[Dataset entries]

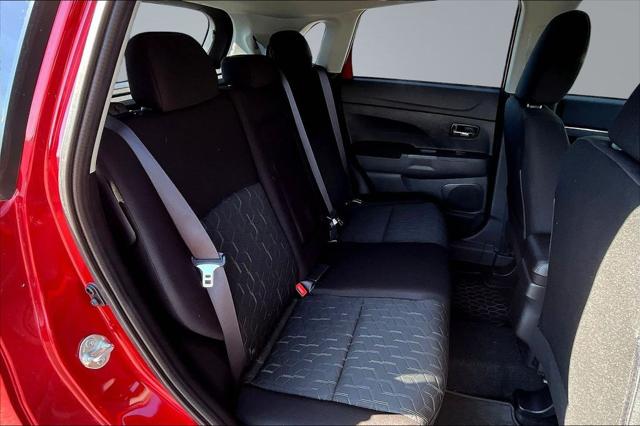 2026 Mitsubishi Outlander Sport 2.0 ES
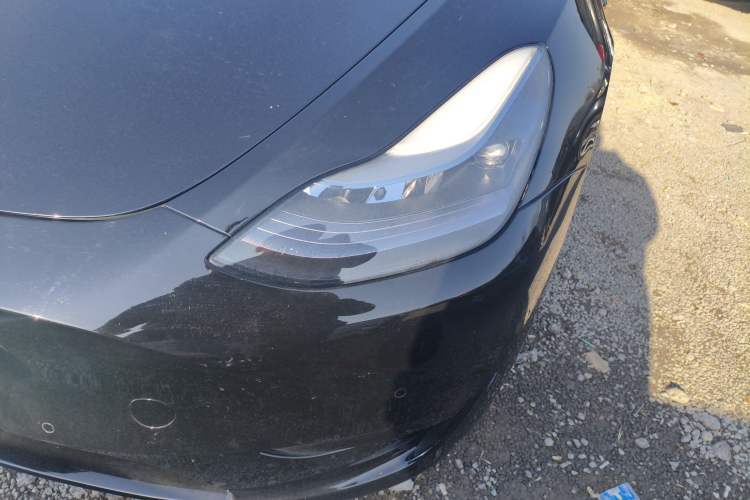 Used Tesla Model Y 2023 Rear-Wheel-Drive Version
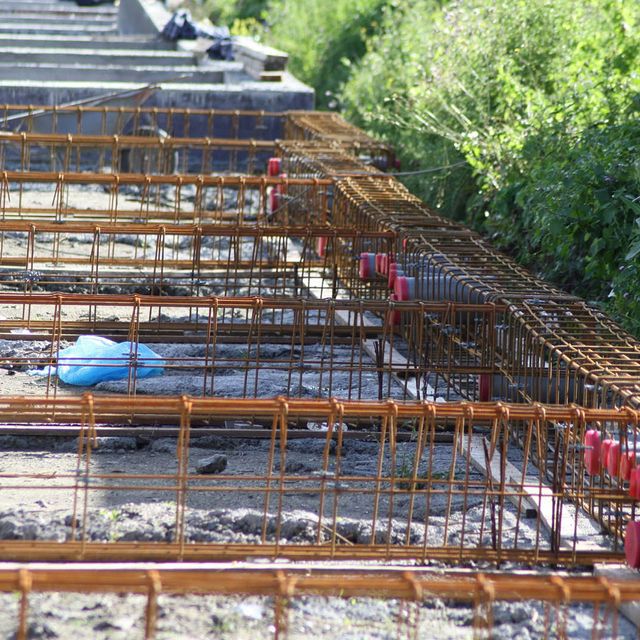 J. van Vliet Vlechtwerken levert betonvlechtwerk op maat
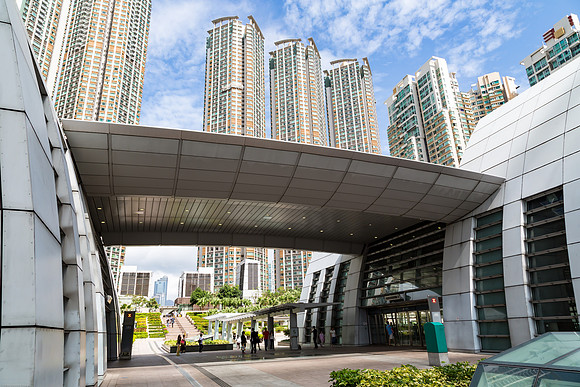 Kowloon Station, Hong Kong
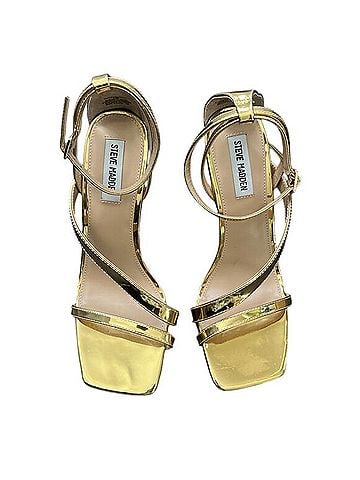 Steve Madden Banded Heels (view 1)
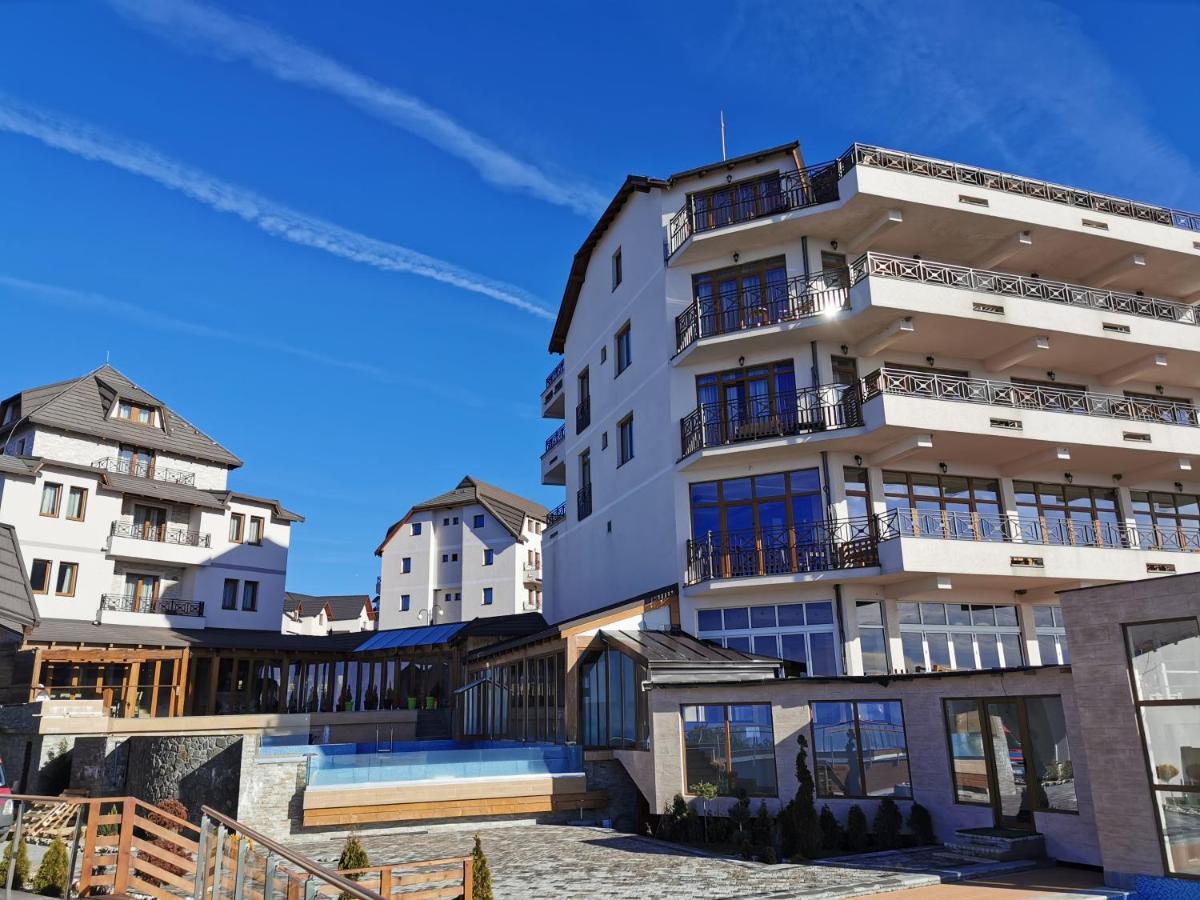 Milmari Resort - Apartman L43 Kopaonik Esterno foto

→ **WHAT YOU WILL DO**
Starting at the line that contains "J. van Vliet", write out every line through the end of the entries above exactly, and omit the pictures.

→ **ANSWER TO THIS EXERCISE**
 J. van Vliet Vlechtwerken levert betonvlechtwerk op maat
 Kowloon Station, Hong Kong
 Steve Madden Banded Heels (view 1)
 Milmari Resort - Apartman L43 Kopaonik Esterno foto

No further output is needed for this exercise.